*Aim of the exercise*.
Set down all of the entries below exactly, and omit the pictures.

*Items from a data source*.

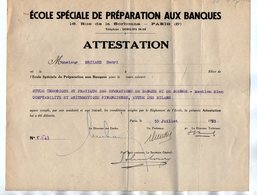 VP17.002 - PARIS 1933 - Ecole Spéciale De Préparation Aux Banques - Attestation - Mr Henri BRIZARD Né à BAZANCOURT - Diplomi E Pagelle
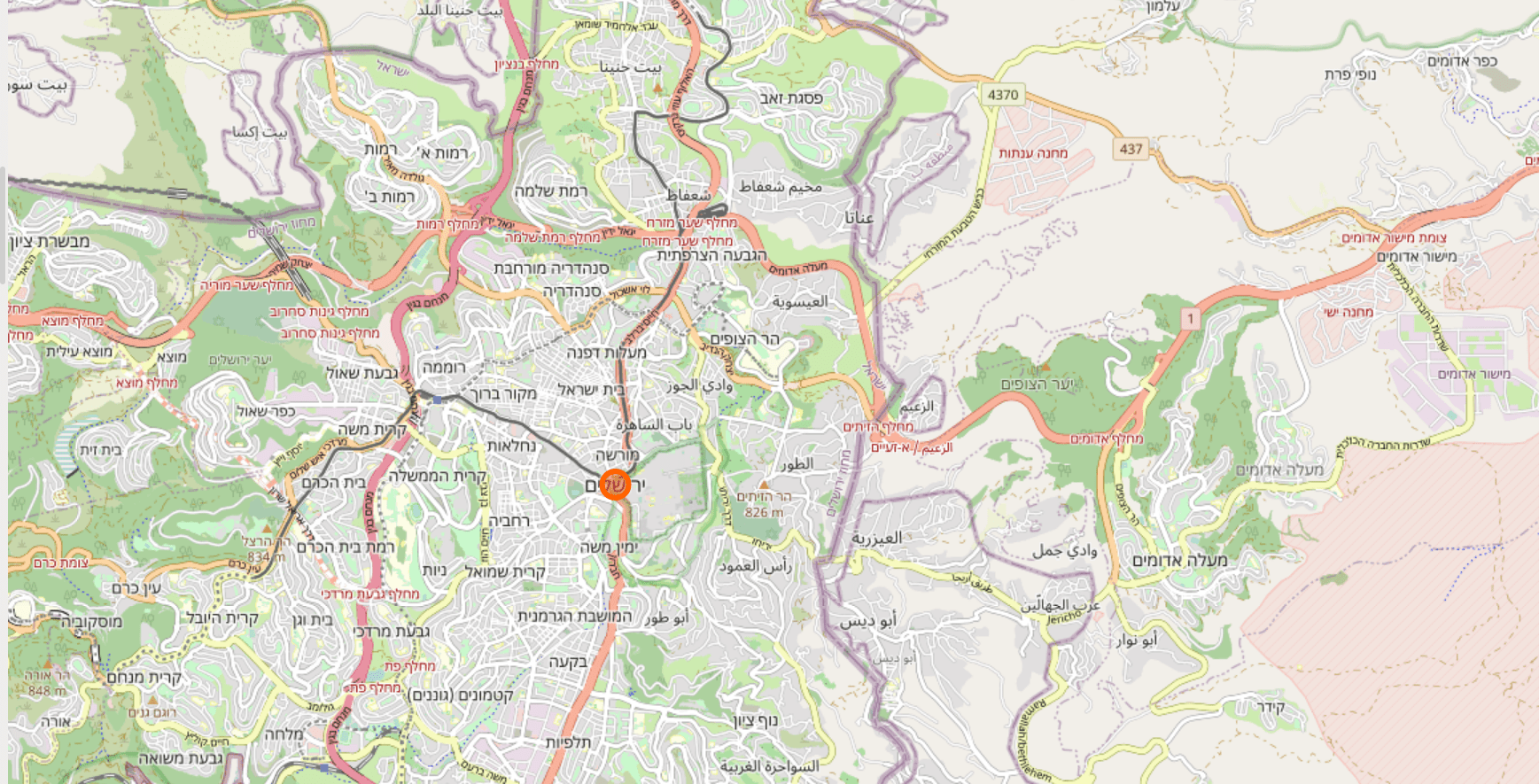 An OpenStreetMap map showing the naming of locations in either Hebrew or Arabic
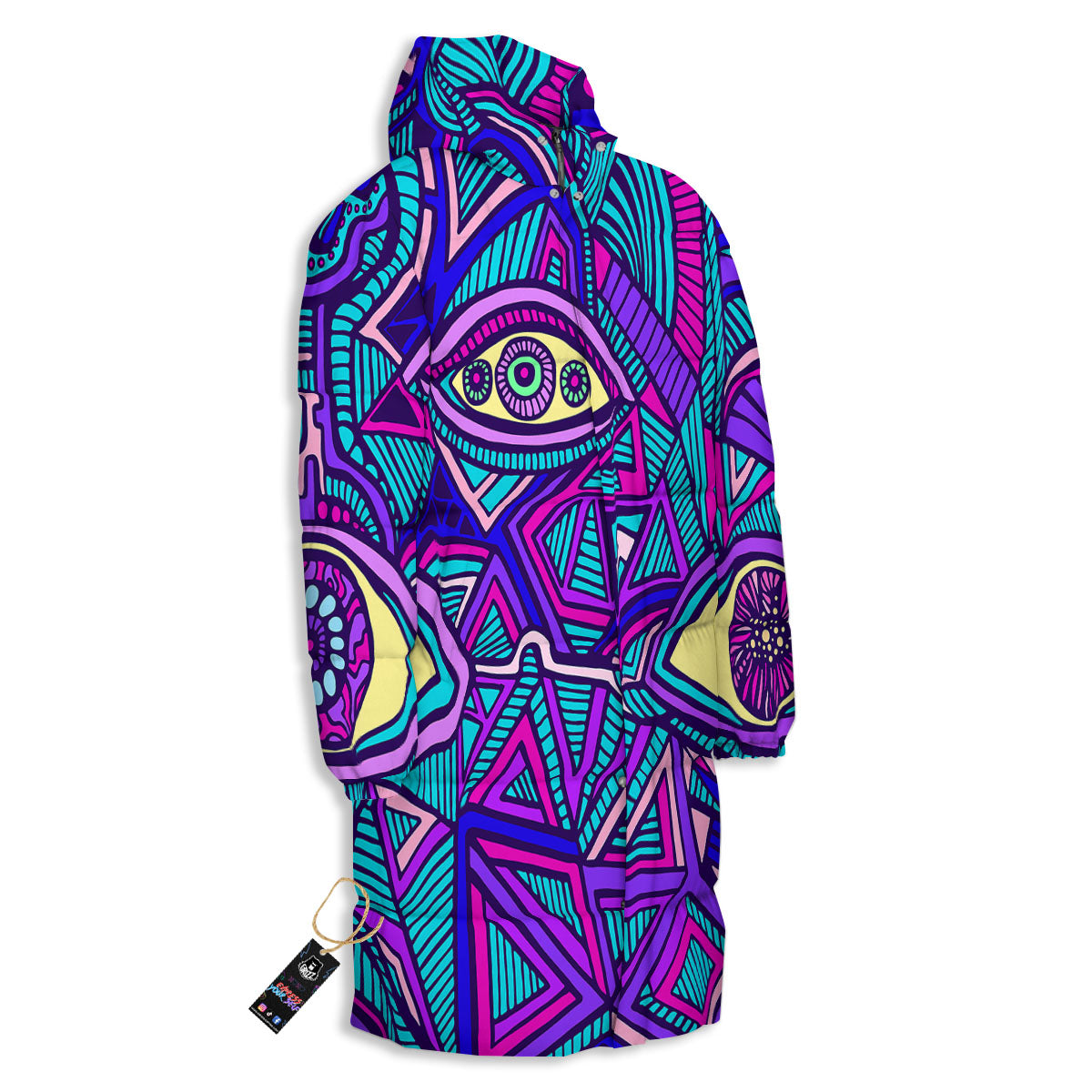 Trippy Ethnic Psychedelic Print Long Down Jacket-grizzshop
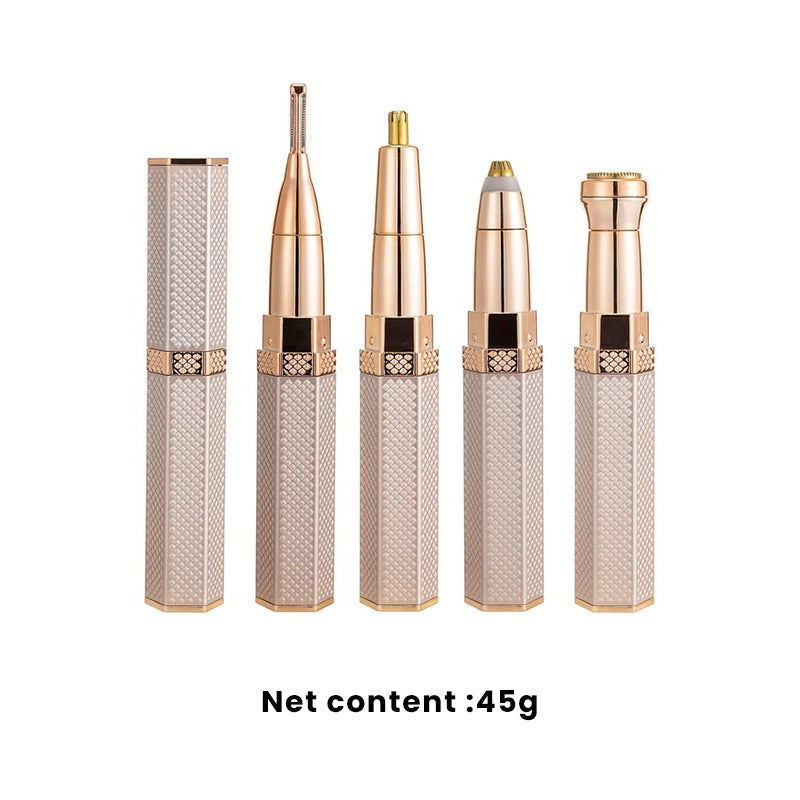 4 In 1 Facial Electric Shaver For Women, Full Body Epilator Rechargeable Eyebrow Nose Bikini Hair Trimmer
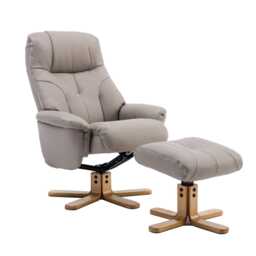 Casa Trento Manual Recliner Faux Leather Swivel Chair & Footstool, Pebble - thumbnail 2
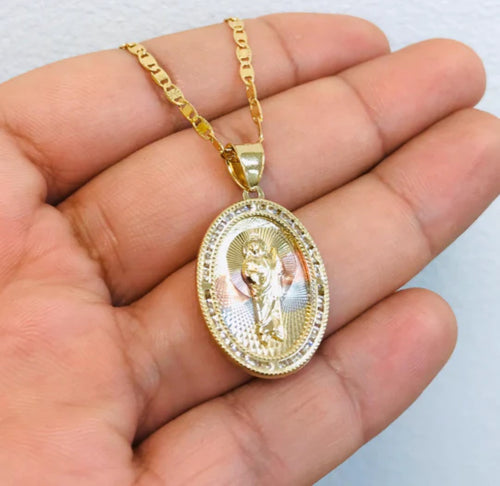 14K Gold Filled San Judas Necklace Tri-Color with CZ Stones 20" 28x20mm P341347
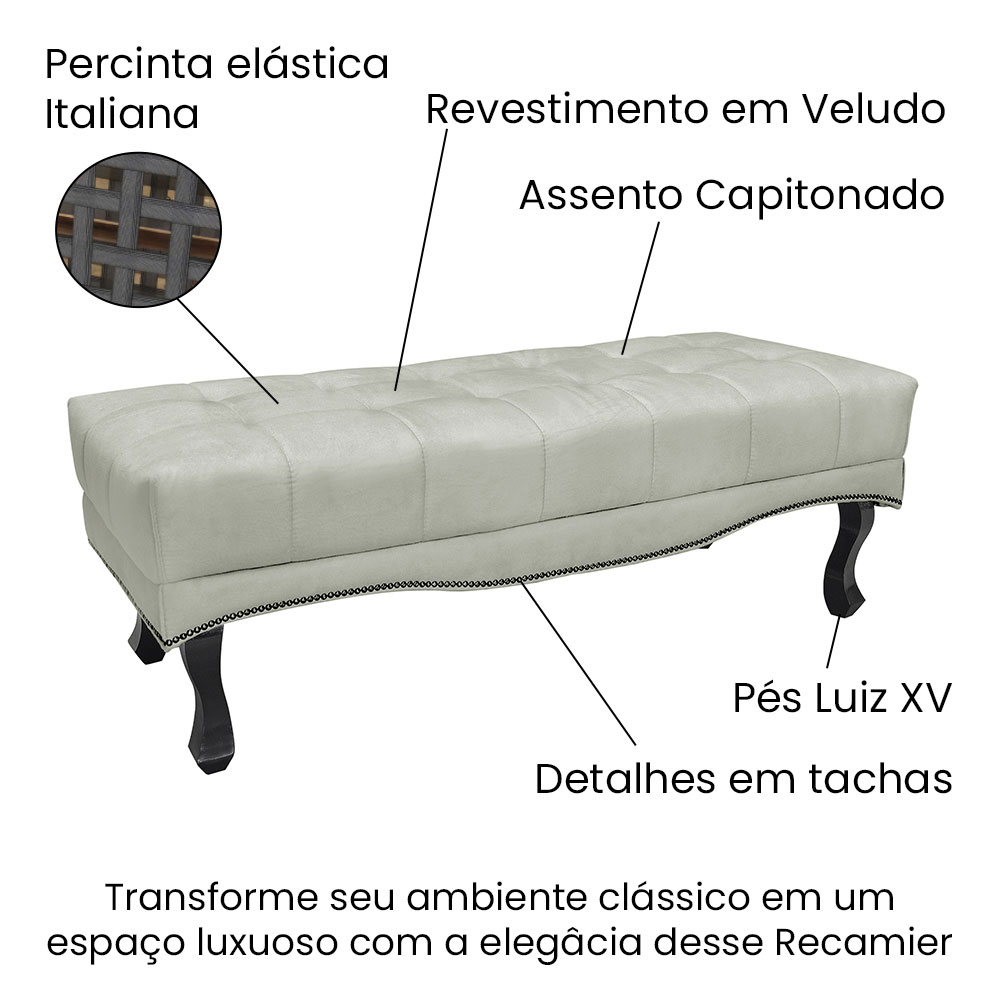 Kit Cabeceira e Calçadeira Recamier King 1,95m Vicenza Veludo Cinza Prata - Pallazio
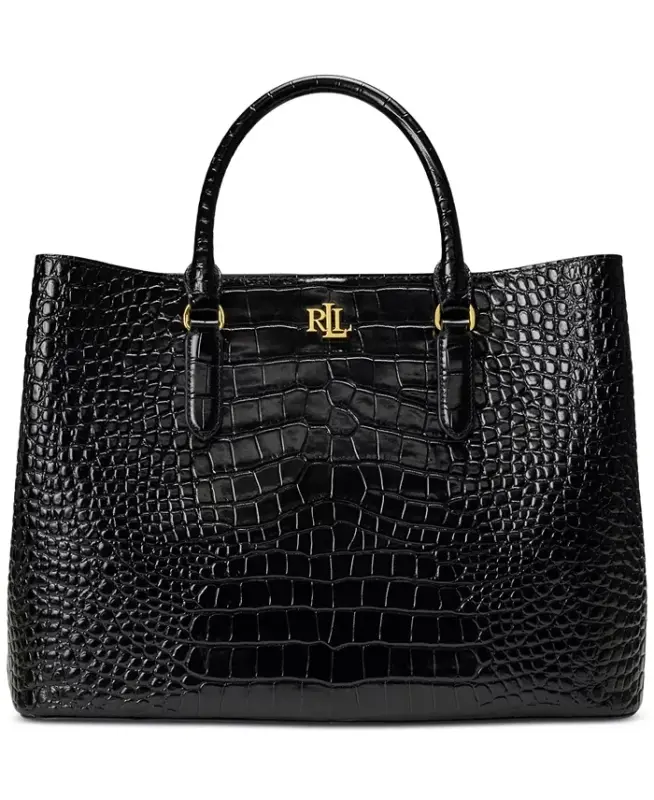Marcy Large Embossed Leather Satchel-Black/Gold - 1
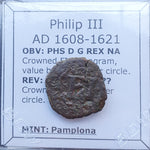 #p173# Spanish copper 4 Cornados coin of Philip III from 1608-1621 AD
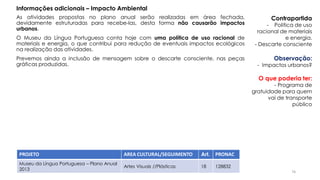 As atividades propostas no plano anual serão realizadas em área fechada,
devidamente estruturadas para recebe-las, desta forma não causarão impactos
urbanos.
O Museu da Língua Portuguesa conta hoje com uma política de uso racional de
materiais e energia, o que contribui para redução de eventuais impactos ecológicos
na realização das atividades.
Prevemos ainda a inclusão de mensagem sobre o descarte consciente, nas peças
gráficas produzidas.
PROJETO AREA CULTURAL/SEGUIMENTO Art. PRONAC
Museu da Língua Portuguesa – Plano Anual
2013
Artes Visuais //Plásticas 18 128832
Informações adicionais – Impacto Ambiental
Contrapartida
- Politica de uso
racional de materiais
e energia.
- Descarte consciente
Observação:
- Impactos urbanos?
O que poderia ter:
- Programa de
gratuidade para quem
vai de transporte
público
76
 
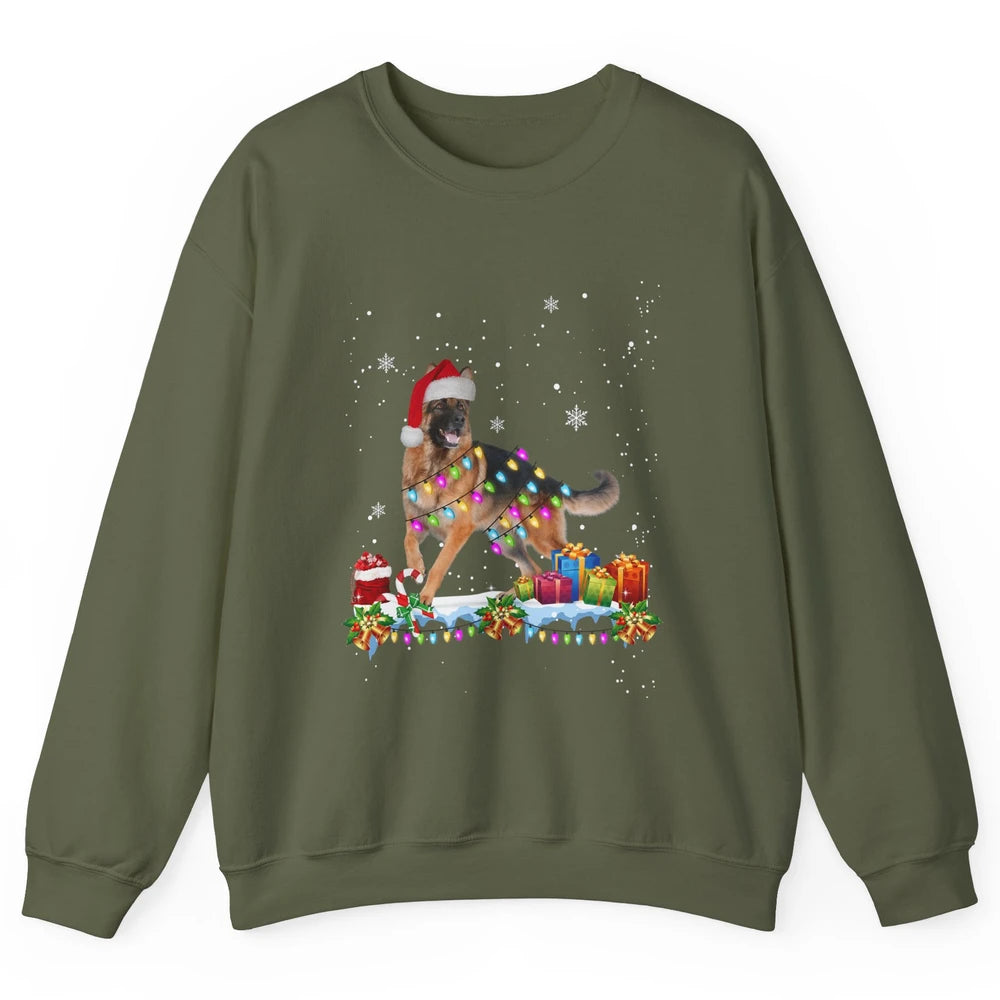 Merry Christmas German Shepherd Dog Santa Hat Xmas Lights Unisex Crewneck Sweatshirt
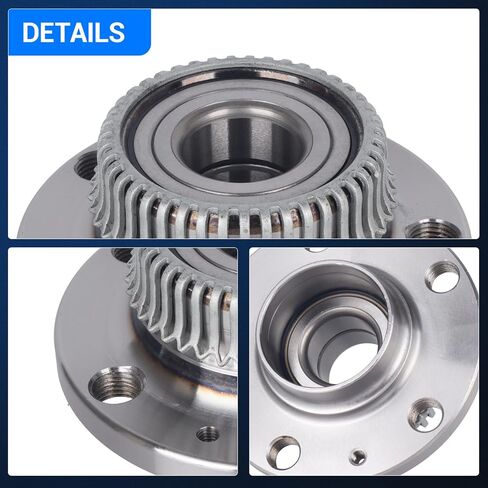 Autoround 512012 Rear Wheel Bearing and Hub Assembly Compatible with Audi TT 2000-2006, Volkswagen Jetta 1999-2005, Beetle 1998-2010, Golf 1998-2005, Golf City 2007-2009, 5 Lug w/ABS, Set of 2 in Saudi Arabia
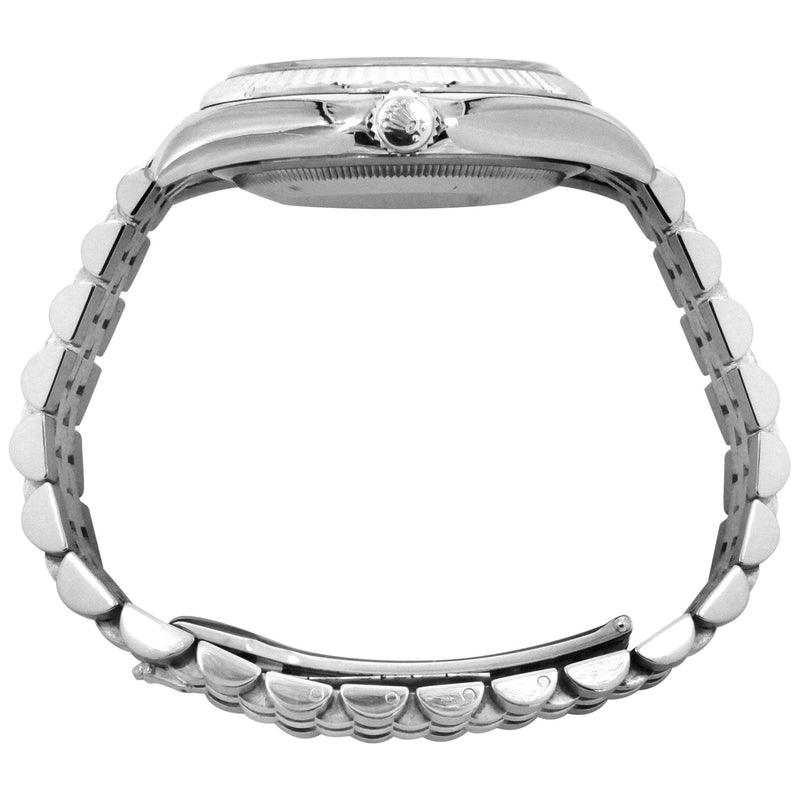 116200 | Hidden Clasp | Diamond Rolex Datejust Watch | 36Mm | Blue Mother Of Pearl Roman Numeral Dial | Jubilee Band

*The completed task*.
 VP17.002 - PARIS 1933 - Ecole Spéciale De Préparation Aux Banques - Attestation - Mr Henri BRIZARD Né à BAZANCOURT - Diplomi E Pagelle
 An OpenStreetMap map showing the naming of locations in either Hebrew or Arabic
 Trippy Ethnic Psychedelic Print Long Down Jacket-grizzshop
 4 In 1 Facial Electric Shaver For Women, Full Body Epilator Rechargeable Eyebrow Nose Bikini Hair Trimmer
 Casa Trento Manual Recliner Faux Leather Swivel Chair & Footstool, Pebble - thumbnail 2
 14K Gold Filled San Judas Necklace Tri-Color with CZ Stones 20" 28x20mm P341347
 Kit Cabeceira e Calçadeira Recamier King 1,95m Vicenza Veludo Cinza Prata - Pallazio
Marcy Large Embossed Leather Satchel-Black/Gold - 1
 #p173# Spanish copper 4 Cornados coin of Philip III from 1608-1621 AD
 As atividades propostas no plano anual serão realizadas em área fechada,
devidamente estruturadas para recebe-las, desta forma não causarão impactos
urbanos.
O Museu da Língua Portuguesa conta hoje com uma política de uso racional de
materiais e energia, o que contribui para redução de eventuais impactos ecológicos
na realização das atividades.
Prevemos ainda a inclusão de mensagem sobre o descarte consciente, nas peças
gráficas produzidas.
PROJETO AREA CULTURAL/SEGUIMENTO Art. PRONAC
Museu da Língua Portuguesa – Plano Anual
2013
Artes Visuais //Plásticas 18 128832
Informações adicionais – Impacto Ambiental
Contrapartida
- Politica de uso
racional de materiais
e energia.
- Descarte consciente
Observação:
- Impactos urbanos?
O que poderia ter:
- Programa de
gratuidade para quem
vai de transporte
público
76
 
 Merry Christmas German Shepherd Dog Santa Hat Xmas Lights Unisex Crewneck Sweatshirt
 Autoround 512012 Rear Wheel Bearing and Hub Assembly Compatible with Audi TT 2000-2006, Volkswagen Jetta 1999-2005, Beetle 1998-2010, Golf 1998-2005, Golf City 2007-2009, 5 Lug w/ABS, Set of 2 in Saudi Arabia
 116200 | Hidden Clasp | Diamond Rolex Datejust Watch | 36Mm | Blue Mother Of Pearl Roman Numeral Dial | Jubilee Band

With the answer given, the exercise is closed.